Professor: Hilary Zedlitz
4 credits
Questions are one of the most important tools we have for learning, solving problems, and building relationships. The ability to ask clear, thoughtful questions shapes how we understand ourselves, work with others, and respond to challenges in the world around us. In research, questions drive discovery and innovation. In business, strong questions help leaders make better decisions, improve organizations, and build trust within teams. In the arts and sciences, questions open new ways of thinking and help us challenge assumptions. Learning how to ask good questions is therefore not just an academic skill, but a practical one that applies across professions and everyday life.

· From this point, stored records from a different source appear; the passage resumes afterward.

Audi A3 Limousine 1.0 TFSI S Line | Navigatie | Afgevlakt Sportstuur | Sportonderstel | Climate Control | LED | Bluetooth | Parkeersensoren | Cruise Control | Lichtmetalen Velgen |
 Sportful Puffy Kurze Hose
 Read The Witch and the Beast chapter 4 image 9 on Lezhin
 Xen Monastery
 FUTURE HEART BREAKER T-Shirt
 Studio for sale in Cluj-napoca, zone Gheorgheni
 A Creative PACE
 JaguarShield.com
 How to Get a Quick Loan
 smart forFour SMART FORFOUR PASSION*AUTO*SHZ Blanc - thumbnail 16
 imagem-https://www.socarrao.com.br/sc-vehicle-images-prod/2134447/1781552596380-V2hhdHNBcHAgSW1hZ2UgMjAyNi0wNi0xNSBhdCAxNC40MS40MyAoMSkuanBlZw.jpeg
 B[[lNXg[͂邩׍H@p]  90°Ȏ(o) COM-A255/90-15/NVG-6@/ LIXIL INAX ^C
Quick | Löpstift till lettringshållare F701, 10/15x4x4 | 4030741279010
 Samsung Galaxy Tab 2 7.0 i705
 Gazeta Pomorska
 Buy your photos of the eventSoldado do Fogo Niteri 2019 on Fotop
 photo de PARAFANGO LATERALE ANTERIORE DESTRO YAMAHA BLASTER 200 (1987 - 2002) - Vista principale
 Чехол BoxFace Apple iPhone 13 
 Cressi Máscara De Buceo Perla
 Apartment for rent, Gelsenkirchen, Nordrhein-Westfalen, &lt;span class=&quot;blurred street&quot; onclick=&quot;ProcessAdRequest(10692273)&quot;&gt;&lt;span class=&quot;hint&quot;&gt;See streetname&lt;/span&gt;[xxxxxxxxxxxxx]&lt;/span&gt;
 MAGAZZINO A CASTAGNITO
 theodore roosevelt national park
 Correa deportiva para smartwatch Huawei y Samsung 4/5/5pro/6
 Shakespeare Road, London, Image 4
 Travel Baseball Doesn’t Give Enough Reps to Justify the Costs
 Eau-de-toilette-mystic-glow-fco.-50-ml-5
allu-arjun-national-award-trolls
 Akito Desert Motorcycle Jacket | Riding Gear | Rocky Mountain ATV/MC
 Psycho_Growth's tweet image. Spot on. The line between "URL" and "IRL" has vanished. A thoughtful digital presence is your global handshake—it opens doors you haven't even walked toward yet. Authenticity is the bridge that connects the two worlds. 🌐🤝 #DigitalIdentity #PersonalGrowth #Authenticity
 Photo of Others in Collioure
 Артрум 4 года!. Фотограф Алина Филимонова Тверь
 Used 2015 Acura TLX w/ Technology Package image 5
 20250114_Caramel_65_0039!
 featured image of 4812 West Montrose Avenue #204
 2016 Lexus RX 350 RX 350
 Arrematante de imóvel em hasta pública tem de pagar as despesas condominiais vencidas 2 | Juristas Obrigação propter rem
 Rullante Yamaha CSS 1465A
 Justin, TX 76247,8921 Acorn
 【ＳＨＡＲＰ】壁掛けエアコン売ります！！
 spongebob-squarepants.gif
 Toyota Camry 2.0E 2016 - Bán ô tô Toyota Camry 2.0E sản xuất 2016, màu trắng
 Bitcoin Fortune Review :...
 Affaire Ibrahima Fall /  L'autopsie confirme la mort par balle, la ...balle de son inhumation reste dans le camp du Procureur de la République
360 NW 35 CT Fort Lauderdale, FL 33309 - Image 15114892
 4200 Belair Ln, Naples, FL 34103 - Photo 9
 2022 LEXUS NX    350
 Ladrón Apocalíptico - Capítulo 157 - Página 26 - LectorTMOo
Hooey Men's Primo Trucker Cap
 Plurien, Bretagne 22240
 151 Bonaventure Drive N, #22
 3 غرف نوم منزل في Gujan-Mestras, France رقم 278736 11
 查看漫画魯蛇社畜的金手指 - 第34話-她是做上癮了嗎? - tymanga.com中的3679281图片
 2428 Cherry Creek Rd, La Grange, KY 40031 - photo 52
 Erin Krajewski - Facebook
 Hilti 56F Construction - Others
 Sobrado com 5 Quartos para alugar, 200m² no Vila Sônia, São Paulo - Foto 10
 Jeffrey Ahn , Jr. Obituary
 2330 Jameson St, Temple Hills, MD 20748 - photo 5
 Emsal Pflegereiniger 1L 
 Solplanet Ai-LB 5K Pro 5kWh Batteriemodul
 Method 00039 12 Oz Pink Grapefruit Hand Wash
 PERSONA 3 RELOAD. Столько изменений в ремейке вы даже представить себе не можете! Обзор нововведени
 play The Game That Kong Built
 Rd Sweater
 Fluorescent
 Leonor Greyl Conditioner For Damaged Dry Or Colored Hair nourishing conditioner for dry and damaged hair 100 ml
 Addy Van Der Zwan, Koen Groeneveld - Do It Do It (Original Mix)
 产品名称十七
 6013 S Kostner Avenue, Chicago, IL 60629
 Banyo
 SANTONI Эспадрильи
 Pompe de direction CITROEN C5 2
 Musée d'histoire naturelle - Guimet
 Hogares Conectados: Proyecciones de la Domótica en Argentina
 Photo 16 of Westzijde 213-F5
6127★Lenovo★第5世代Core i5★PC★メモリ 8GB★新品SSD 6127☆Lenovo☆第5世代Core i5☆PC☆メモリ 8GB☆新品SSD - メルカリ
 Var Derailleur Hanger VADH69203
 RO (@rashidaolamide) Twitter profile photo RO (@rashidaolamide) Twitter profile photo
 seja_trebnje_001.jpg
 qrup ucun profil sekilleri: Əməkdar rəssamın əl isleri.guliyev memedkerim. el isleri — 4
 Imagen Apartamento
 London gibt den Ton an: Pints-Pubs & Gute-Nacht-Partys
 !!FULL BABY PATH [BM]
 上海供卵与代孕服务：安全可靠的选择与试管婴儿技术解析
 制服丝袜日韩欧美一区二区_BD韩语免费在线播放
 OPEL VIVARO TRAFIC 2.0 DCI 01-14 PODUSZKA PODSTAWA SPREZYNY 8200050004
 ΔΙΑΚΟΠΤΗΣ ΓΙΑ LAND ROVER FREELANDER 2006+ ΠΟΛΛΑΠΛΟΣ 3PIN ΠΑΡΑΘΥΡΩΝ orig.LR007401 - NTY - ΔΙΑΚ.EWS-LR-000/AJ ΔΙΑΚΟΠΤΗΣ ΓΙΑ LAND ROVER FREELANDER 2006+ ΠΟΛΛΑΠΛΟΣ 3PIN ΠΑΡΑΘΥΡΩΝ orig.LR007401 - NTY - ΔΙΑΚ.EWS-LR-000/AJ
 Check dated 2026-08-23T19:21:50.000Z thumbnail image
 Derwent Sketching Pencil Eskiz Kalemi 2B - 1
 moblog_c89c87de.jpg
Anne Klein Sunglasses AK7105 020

This course explores the role of questions and question-making. Drawing from survey methodology, ethnographic research, leadership and business studies, journalism, political science, philosophy, and history, we will examine how questions shape decision-making, problem-solving, and human connection. We will look at how leaders use questions to guide teams, how researchers design surveys and interviews that produce meaningful knowledge, and how journalists and ethnographers use observation and conversation to better understand people and communities. We will also consider how workplaces, classrooms, and institutions influence which questions are encouraged, which are avoided, and how different methods of asking can lead to very different kinds of answers.
Hilary Zedlitz is a political scientist who specializes in American politics, particularly the intersections of religion and nonreligious identity, political psychology, and political behavior. She will be completing her PhD at the University of Michigan this summer and joining the CHC Faculty as a Visiting Instructor for the 2026-27 academic year.